WASHINGTON—The judge overseeing Michael Sussmann’s trial on May 19 denied a request from prosecutors with special counsel John Durham’s team to remove a juror who revealed having ties to Sussmann.
Juror #5 told U.S. District Judge Christopher Cooper, an Obama appointee, that her daughter and Sussmann’s daughter are on the same crew team.
The woman said she did not know of this until her daughter mentioned it to her on Wednesday evening. Once she knew, she reported the fact to court officials.

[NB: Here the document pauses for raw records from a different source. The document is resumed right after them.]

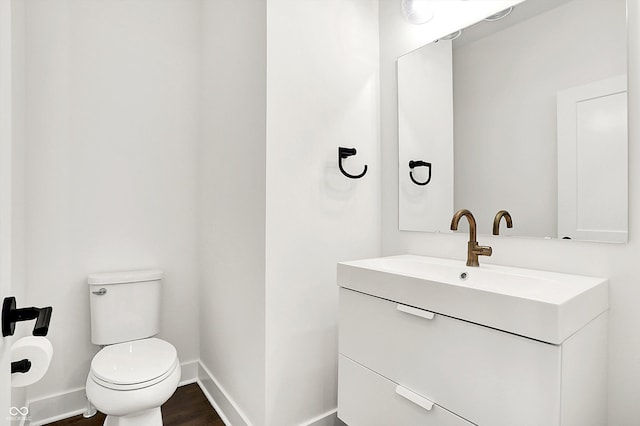 bathroom with toilet, hardwood / wood-style floors, and vanity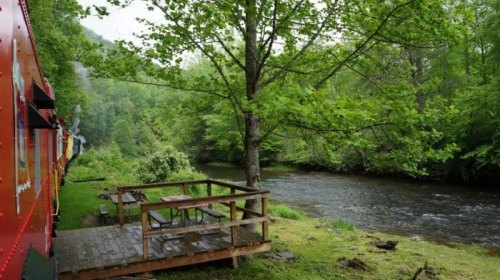A scenic view of a river beside a wooden deck, surrounded by lush green trees and a colorful train car.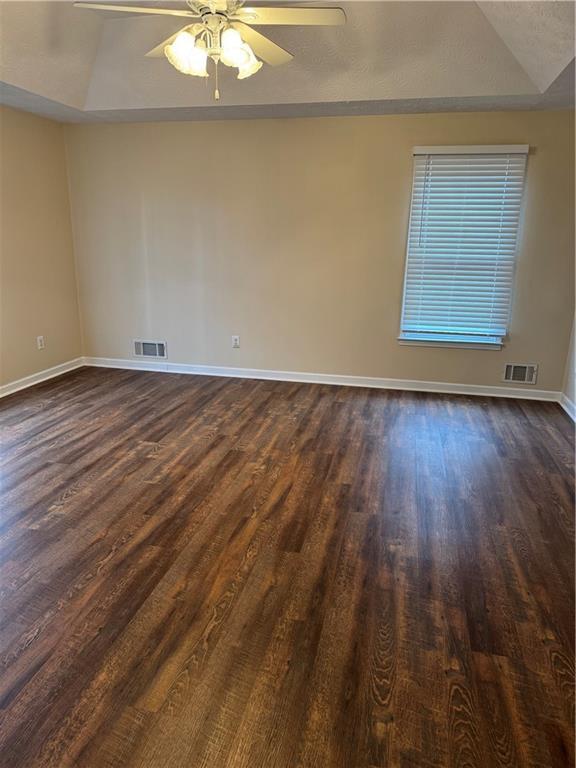 unfurnished room featuring a raised ceiling, ceiling fan, dark hardwood / wood-style flooring, and a textured ceiling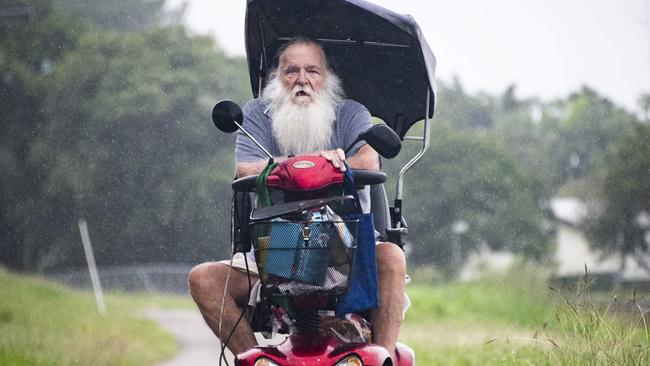 'Bulley' – Leigh Bulley – gets wet as he rides his mobility scooter – with shopping in the basket – in the rain at Stratford. Picture: Brian Cassey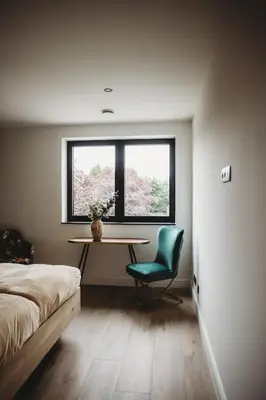 a bedroom with a table and a chair and a window at Eikenhoef in Lommel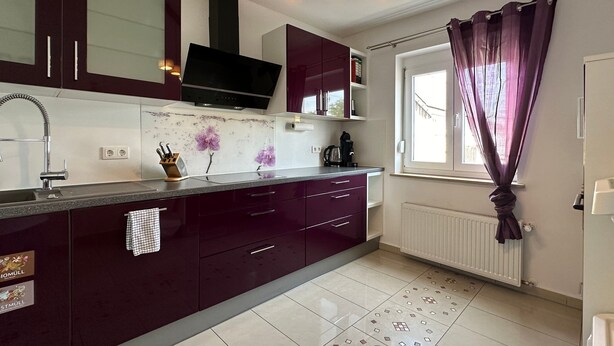 A modern kitchen with dark cabinets, a stainless steel sink, and a window with purple curtains. - Apartment "Dreams im Obergeschoss" with Private Terrace & Wi-Fi (Kötz)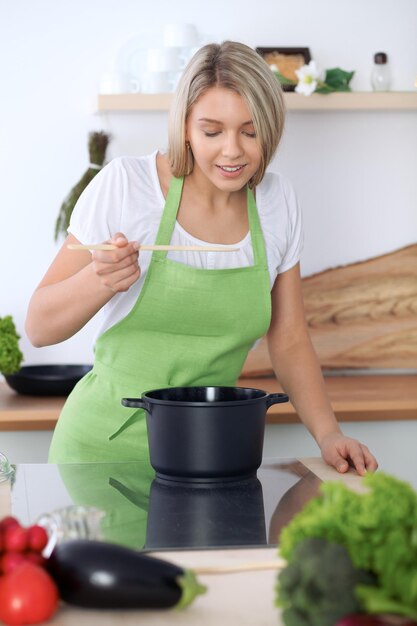 Giovane donna caucasica in un grembiule verde che cucina in cucina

Jurors filled out a questionnaire that included the question: “The defendant in this case is Michael A. Sussmann, age 57, who is a resident of Washington, D.C. Do you, any member of your family or close personal friends know, or have any connection with, Mr. Sussmann or any of his family members?”
Cooper wondered whether juror #5’s answer to the question had been different if she knew about the association. He also asked whether the ties would affect her ability to be fair.
“I would have disclosed it if I had known,” the juror said. She said she does not know Sussmann’s daughter and still doesn’t even know the girl’s name.
There are 30 to 40 girls on the team. The juror’s daughter is a senior while Sussmann’s daughter is a freshman.
The juror said she’s never seen Sussmann or his wife at any of the meets or practices or any other team-related social events.
Prosecutor Brittain Shaw, on Durham’s team, moved for the juror to be sent home.
“The government would have wanted to strike her for cause,” Shaw said. “We have no reason to doubt she is being truthful” but such contacts “as a parent can really shape” her outlook.
“Our position is she should not stand in the jury,” the prosecutor said.
Cooper rejected the motion.
The judge maintained that the separation in years between the girls and the large number of students on the crew team was enough distance for the juror to be impartial. He praised the juror for her honesty in coming forward as soon as she realized what he termed was “a tangential link.”
The trial of Sussmann, who worked for Hillary Clinton’s campaign when Clinton was vying for the presidency in the 2016 election and is accused of lying to the FBI when he said he was bringing claims against Clinton rival Donald Trump to the FBI on his own accord instead of on behalf of clients, started on May 16.
Sixteen jurors were selected, with four being alternates. The jurors do not know if they are on the jury or an alternate. The four alternates will not be in the room when the jury decides on a verdict.
Almost all of the juror candidates expressed “strong” antipathy to Trump. About half of them also said they didn’t like Clinton.